Your words are at odds with one another.
If He is choosing who will be saved, He is also choosing who is not to be saved.
Well, for example, if someone had something taken away by someone, and someone else replaces it,
was the one who replaced it responsible for it being taken away just because he replaced it?
Grace is indeed a gift from God, as is repentance from sin and the Holy Ghost; but they are available to all who will submit to God.
That's not how I read those verses. As far as I can tell, they in no way permit any contribution from those who receive salvation - just the opposite in fact- that God does it all because He is a merciful and gracious God unto those
who do not deserve it: "not of yourselves", and "according to his mercy he saved us" - does not leave any room
for anyone doing anything in achieving it besides God.
Grace is indeed a gift from God, as is repentance from sin and the Holy Ghost; but they are available to all who will submit to God.
Does God force submission?
Or deny it?
If grace is dependent upon the submitting of themselves to God, or for that matter of having to do anything for it, then it can't be grace. Those are mutually exclusive to each other: grace stands alone and is fully complete within itself -
where it exists, nothing else can.
Should the healing of someone by God from enslavement, blindness and spiritual death be considered as the forcing of submission? In fact, I would say just the opposite is true- that those healed, finally, for the first time in their lives, have become alive and are able to see clearly or would it be better to be left blind? For example, let's say someone is bitten by a venomous snake and they become completely comatose, oblivious, near unto death, and unable to help themselves.

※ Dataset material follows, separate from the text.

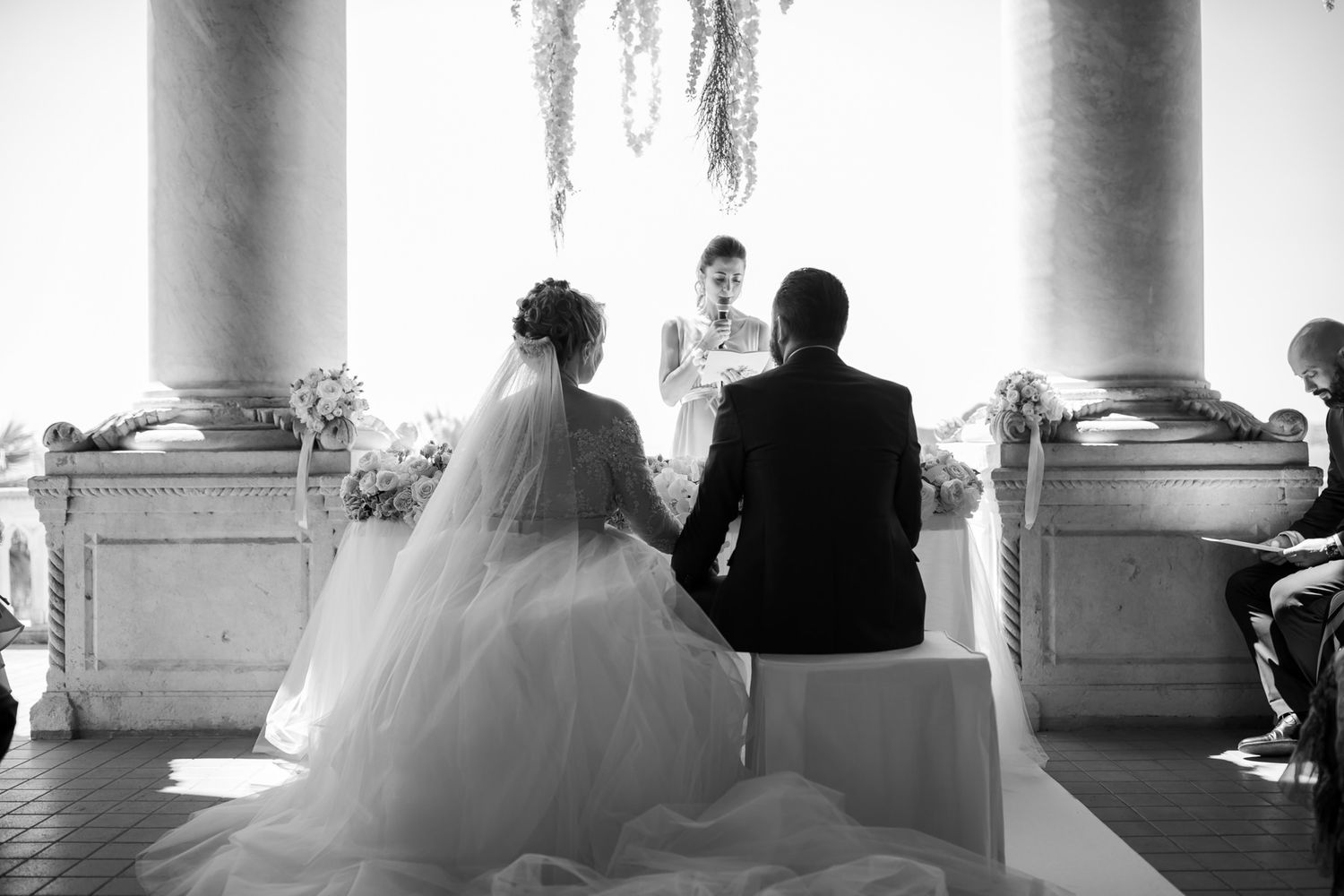 A minimalist black and white photo of a wedding ceremony through architectural columns.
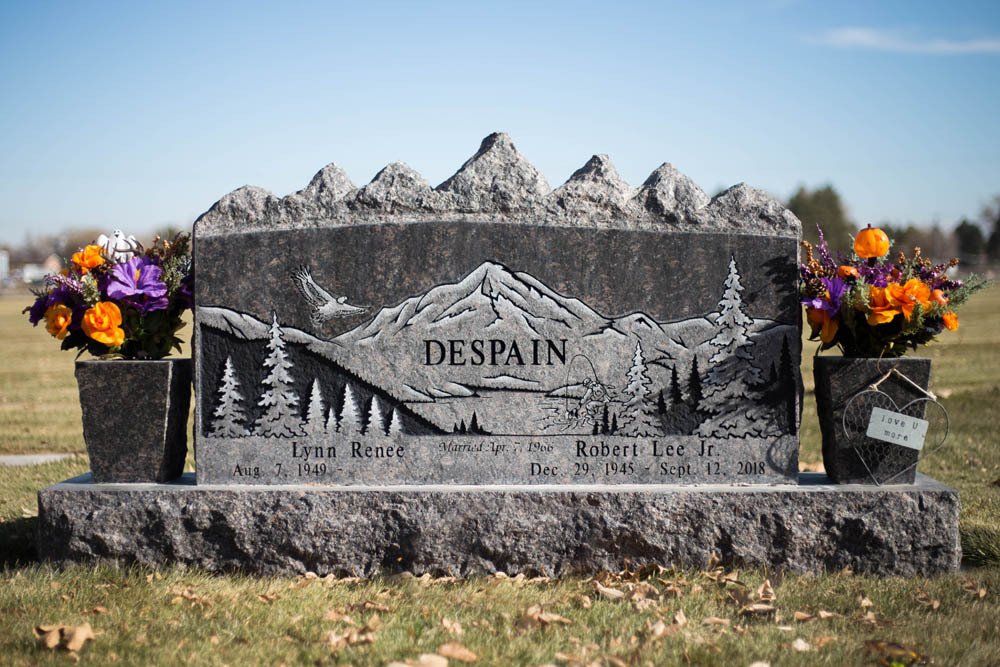 Forest-etched granite double headstone for the Despain family with colorful flower arrangements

Should someone happen by with anti-venom, administers it, and brings the person back to life and to complete health, by that, did he do something good or bad? Should he have not done so and without which he would have died? Should the doing of it be considered as the forcing of life upon someone?
Was it unfair for the man to lift the sheep out of the pit?
[Mat 12:10-12 KJV]
10 And, behold, there was a man which had [his] hand withered. And they asked him, saying,
Is it lawful to heal on the sabbath days? that they might accuse him.
11 And he said unto them,
What man shall there be among you, that shall have one sheep, and if it fall into a pit on the sabbath day, will he not lay hold on it, and lift [it] out?
12 How much then is a man better than a sheep? Wherefore it is lawful to do well on the sabbath days.